People on a high-protein diet often find it easier to manage their cravings and weight, as protein increases satiety and helps curb the appetite, keeping them fuller for longer.
We need to consume protein to maintain a healthy lifestyle, but knowing how much we should be eating and where we should be getting it from can be hard to figure out.
There's a lot of information out there with differentiating opinions on how much protein we should be eating, and some of it can be misleading or downright wrong.
Why do we need protein?
Protein, when consumed, is broken down into amino acids and is used throughout your entire body, from head to toe. It's important for the structure and function your cells.
Active proteins are used as a catalyst to promote chemical reactions within a living cell while structural proteins contribute to structural properties of the cell and overall organism, such as keratin, the main structural component of hair, and collagen, key structural component of bone, skin, and connective tissues.
On top of all that, protein helps our bodies build and maintain muscle, advanced muscular movement, improve our immune system, and helps to carry oxygen throughout our bodies.
Although the body produces some amino acids, the majority, or the essential amino acids, come from our diet.
How much protein do we need?
The amount of protein needed differs from one person to the next, as there are many factors that can change how much an individual should consume.
Sex, age, weight, and activity level all determine how much protein you should be consuming.
According to the DRI (Dietary Reference Intake), from the Institute of Medicine of The National Academies Press, the average adult should be consuming about 0.8 grams of protein for every kilogram of body weight (0.36 grams per pound) every day.
For those of us who are more active, this suggestion may be a little on the low side. Athletes, on average, need to be consuming more protein in order to keep up with their body’s demands.
Strength athletes should be consuming 0.64 to 0.82 grams of protein per pound of body weight daily, and endurance athletes should consume of 0.54 to 0.64 grams per pound of body weight.
Good sources of protein
Our main source of protein can come from animal-based sources such as meat, poultry, fish, eggs, and dairy.
It's often thought that being meat-free and still getting enough protein can be challenging when in fact, there are many other foods that can be used as an alternative protein source.
Foods like vegetables, beans, grains, nuts, and seeds, when combined, can provide you with enough protein to live a healthy life.
No matter where you receive your protein from, it's imperative that you're getting your protein from clean, high-quality sources.
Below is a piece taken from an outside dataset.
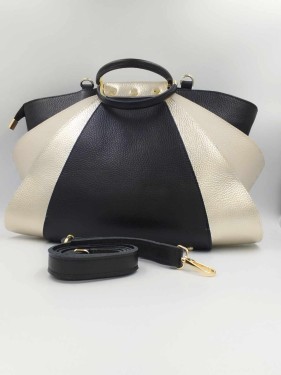 Torebka klasyczna z rączką MASSIMO CONTTI czarno - beżowa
If you're getting your protein intake from an animal-based source, look for animals that are hormone-free and on a healthy, natural diet themselves.
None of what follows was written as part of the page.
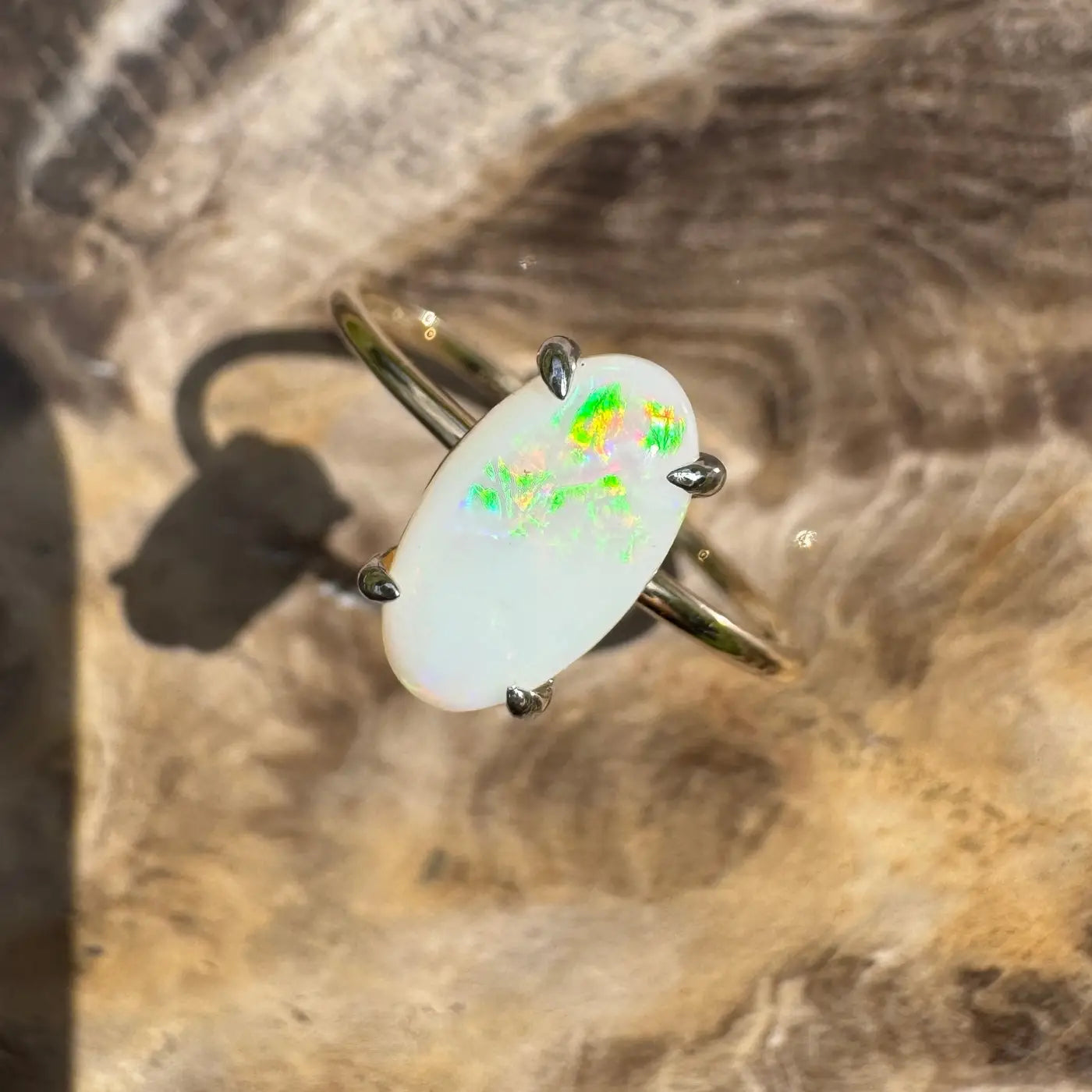 Opal ring with silver band from Rolling Colours of Coober handcrafted Solid Coober Pedy Opal design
Healthy animal means healthy you.
This same concept should be applied to plant-based protein. Go with organic, chemical-free, and pesticide-free whenever you can.
Can you get too much protein?
Protein intake is crucial, and high protein intake can be beneficial, but there is such a thing as too much protein.
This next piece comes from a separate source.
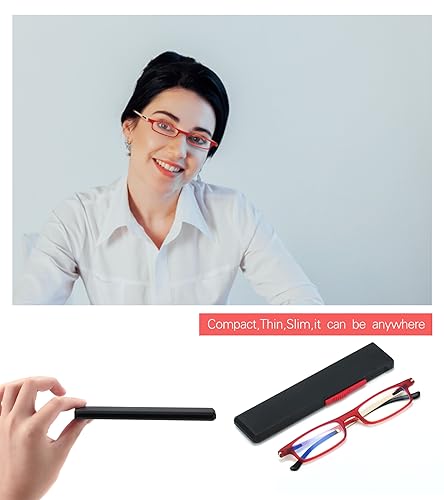 SKYOAK Ultra thin Lightweight Folding Reading Glasses Women Men TR90 Blue Light Blocking Anti UV/Eyestrain Foldable Compact Computer Readers Portable Unique Stretchable Slim Flat Case Red +2.0 - color: Red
On average, protein should make up about 15 to 16 percent of your total calorie intake. Exceeding 35 percent of an overall calorie intake may be dangerous, leading to chronic hydration, bone mineral loss, and kidney damage.
The United States Department of Agriculture has a useful online interactive DRI, so you can get a good idea of how much your daily protein intake should be in a healthy diet based on your sex, age, weight, activity level, and other factors that can affect how much protein your body needs.